Two topics sit at exact national stalemates. About half of Americans say viewing pornography is morally wrong (52%), while the other half consider it either acceptable or outside the moral realm entirely. Abortion lands in almost identical territory: 47% say it’s morally wrong, while 52% say it’s not a moral issue or is morally acceptable.
These splits are real, but what’s interesting is how Americans are dividing. On abortion, the partisan gap is enormous — 71% of Republicans say it’s morally wrong compared to 24% of Democrats. On pornography, the gap narrows considerably: 65% of Republicans versus 39% of Democrats call it wrong. That’s still a divide, but a smaller one than most people would guess.
What the data also captures is a distinct third category: “not a moral issue.” Many Americans aren’t saying these behaviors are fine — they’re saying morality isn’t the relevant framework. That’s a subtle but meaningful shift in how a large share of the country approaches contested questions.
Where the Partisan Fault Lines Actually Run
The predictable splits are there — Republicans more likely to call abortion and homosexuality morally wrong, Democrats less so.

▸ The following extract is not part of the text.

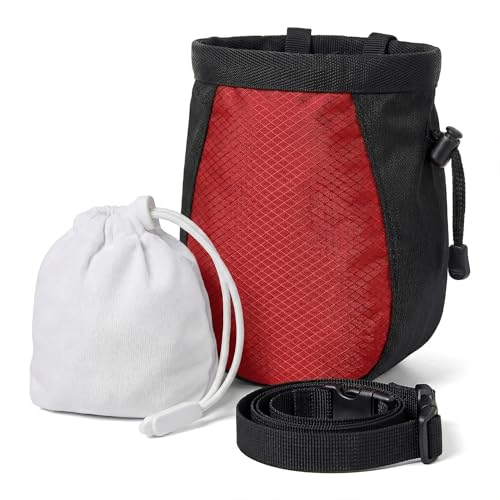 Climbing Chalk Bag for Rock Climbing - with Chalk Ball - Adjustable Black Chalk Bag Bouldering for Rock Climbing Equipment - color: Red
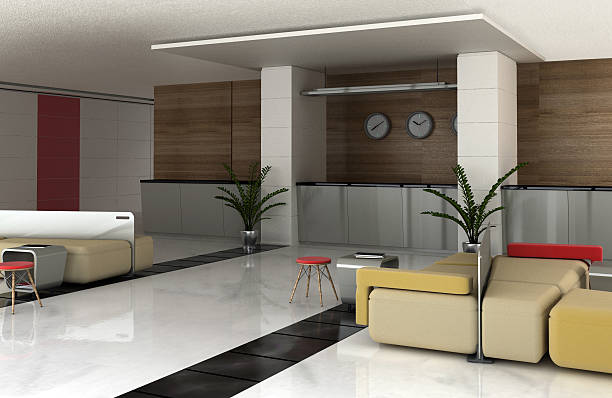 istock interior of the hotel with a lounge area and reception 154078845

But the data gets more interesting when you look at what Democrats are condemning.
Democrats are significantly more likely than Republicans to say the death penalty is morally wrong (48% vs. 20%), that spanking children is wrong (35% vs. 12%), and — most surprisingly — that being extremely rich is morally wrong (29% vs. 7%). That last finding is the one most likely to catch people off guard at a dinner table. Nearly a third of Democrats consider extreme wealth a moral problem. Among Republicans, it’s fewer than one in ten.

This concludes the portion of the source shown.